* _WHAT THE EXERCISE ASKS_
Copy exactly the lines of the data below, beginning with the line with "SAME Mesh Maxi Dress | Red Tropical" and ending with the line with "Chemise Tommy Jeans". Pictures are to be omitted.

* _INPUT RECORDS_

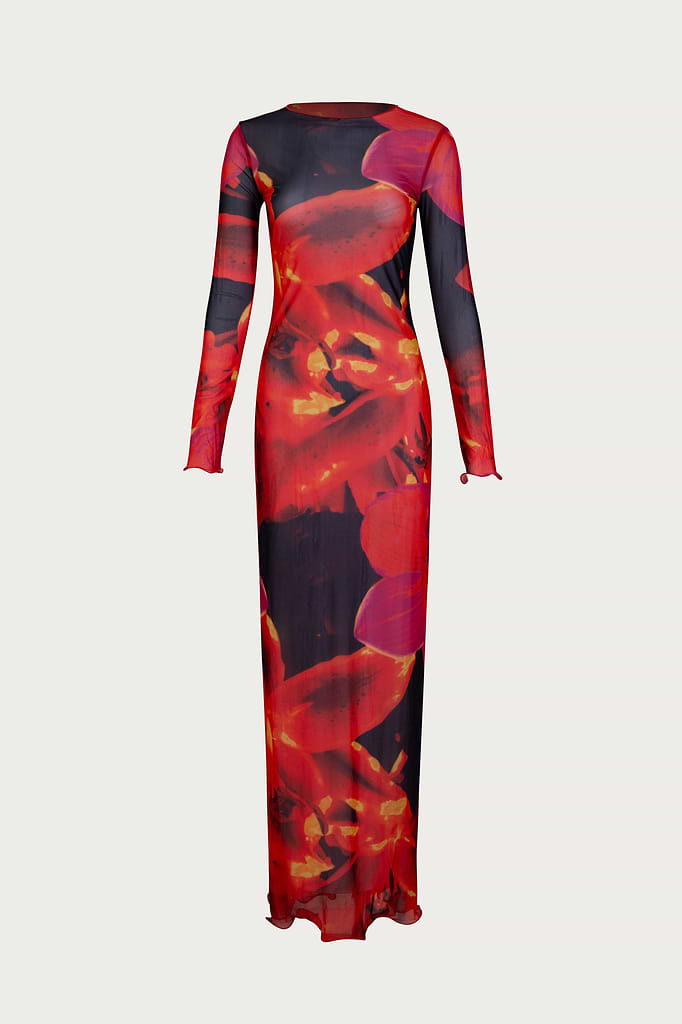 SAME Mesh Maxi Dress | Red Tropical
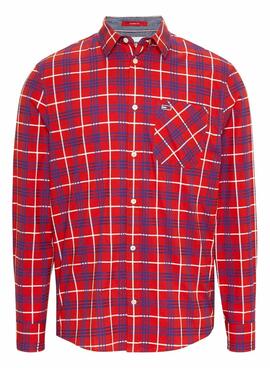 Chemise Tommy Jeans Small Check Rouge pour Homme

--

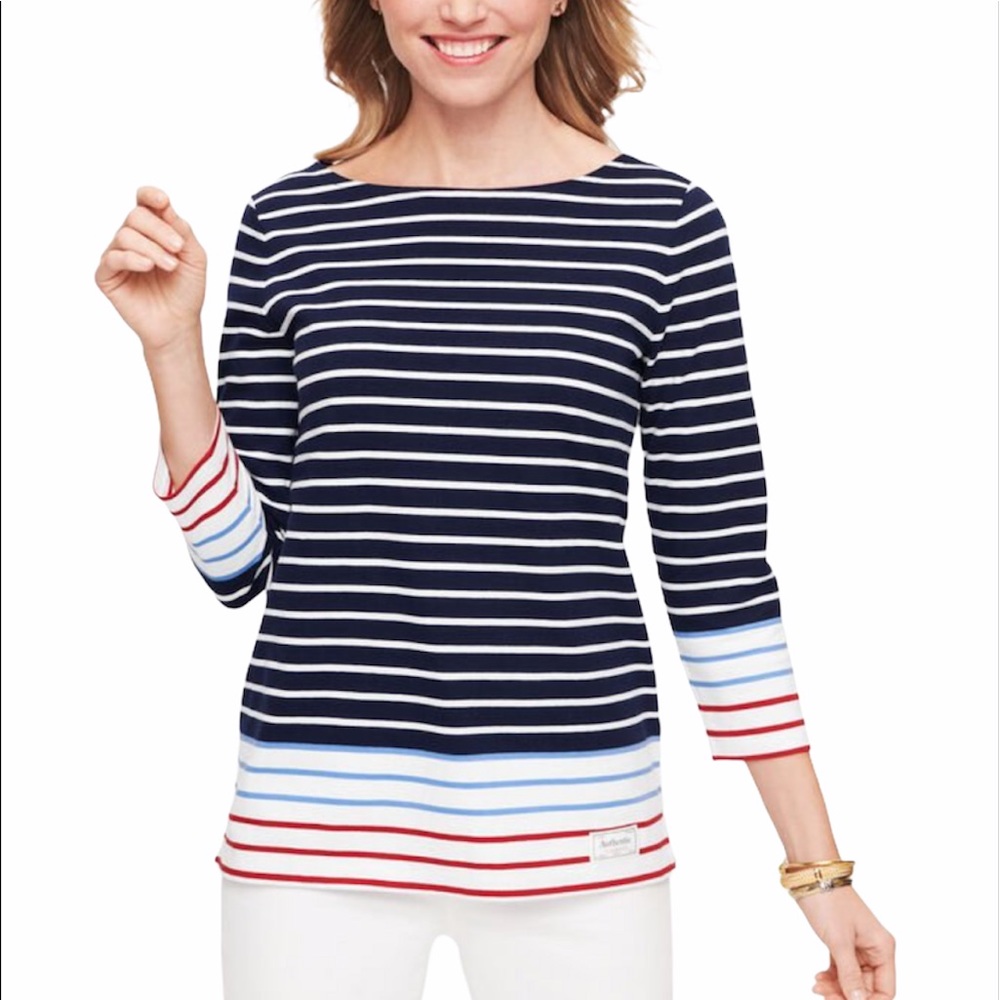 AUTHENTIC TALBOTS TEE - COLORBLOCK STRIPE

* _REPLY TO THE EXERCISE_
 SAME Mesh Maxi Dress | Red Tropical
 Chemise Tommy Jeans Small Check Rouge pour Homme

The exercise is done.